Wir haben also zuerst ein Bild gesehen von solchen, die, vom menschlichen Standpunkte aus betrachtet, Leistungsfähigkeit, Gesundheit, Mut und Glauben eingebüßt hatten, und dann das verwandelte Bild, nämlich erfolgreiche Arbeiter, Tröster der Traurigen, Heiler der Kranken, selber Empfänger von Gesundheit, ja einer unaussprechlichen Erlösung. Dies ist ein Wunder vor den Augen der Welt, das sich aber fortwährend wiederholt. Man achte hier darauf, daß in allen solchen Fällen die Menschenfreunde ihre Fähigkeit, sich dem Werk der Wohltätigkeit zu widmen, dadurch wiedererlangten, daß sie zuerst für sich selber das Gute fanden. So bewahrheiten sich die Worte aus den Sprüchen Salomos: „Wer klug wird, liebet sein Leben; und der Verständige findet Gutes.” Folgt daraus nicht, daß diejenigen, die Gottes Liebeslicht widerspiegeln, erst Empfänger dieses Lichtes sein und sich darin freuen müssen? Jeremia erklärte: „Verflucht ist der Mann, der auf Menschen vertrauet und Fleisch für seinen Arm hält, und dessen Herz von dem Herrn weichet! Er wird sein wie der Entblößte in der Einöde; das künftige Gute wird er nicht sehen” (Zürcher Bibel).

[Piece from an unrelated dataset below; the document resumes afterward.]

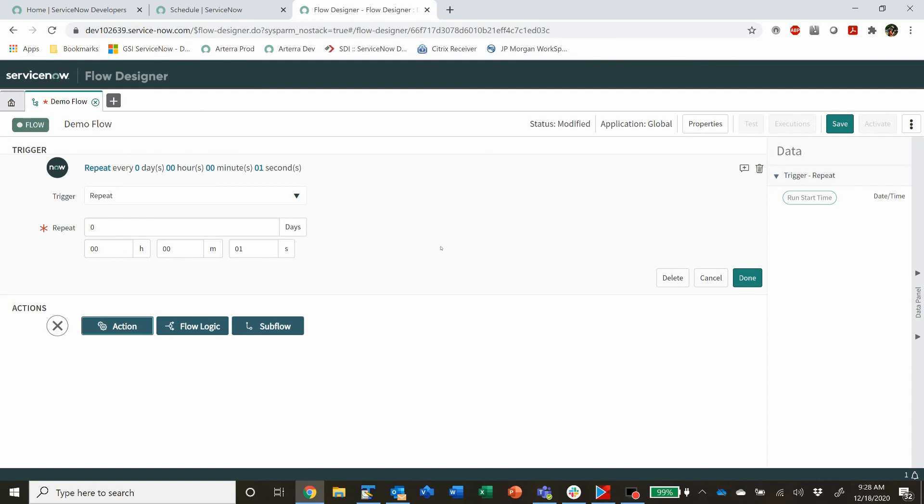So just to make you aware of that in the future when you want to have something scheduled, the best option is probably to do it in a Flow rather than a scheduled job.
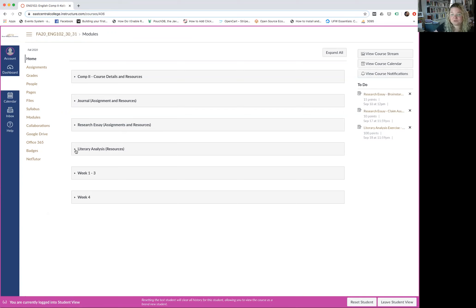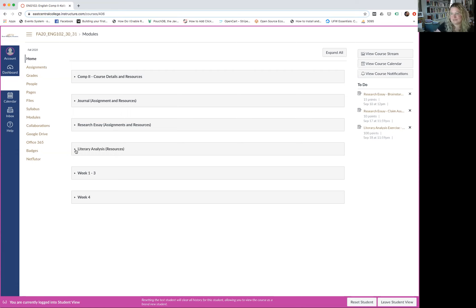For the literary analysis module, you'll find this module has resources, and the individual literary analysis assignments will be embedded within the weekly modules. It's not the same as the journal and research project — there's no one big project. We'll be working on literary analysis throughout the semester.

Weit besser als der Entblößte in der Einöde ist derjenige daran, der sein Gutes nur von Gott bekommt,—„dessen Hoffnung der Herr ist. Denn er wird sein wie ein Baum, der an dem Wasser gepflanzet ist, der seine Wurzeln zu den Bächen ausstrecket, der die Hitze, wann sie kommt, nicht empfindet, sondern dessen Blätter grün sind, und sorget nicht, wenn ein dürres Jahr kommt, auch nicht aufhöret, Frucht zu bringen” (Zürcher Bibel). Der Baum hat zuerst Früchte, ehe er sie gibt, und der Mensch, der den Vater verherrlichen will, muß ein Empfänger sein, ehe er ein Geber sein kann. Nur dadurch wird er ein Offenbarer der Quelle des Guten — des Vaters des Lichts, „bei welchem ist keine Veränderung noch Wechsel des Lichts und der Finsternis.” So werden also die Worte Mrs. Eddys auf Seite 7 ihres Werkes Unity of Good werktätig bewiesen: „Die Anerkennung der Vollkommenheit des unendlichen Unsichtbaren verleiht eine Macht, wie nichts andres es vermag.”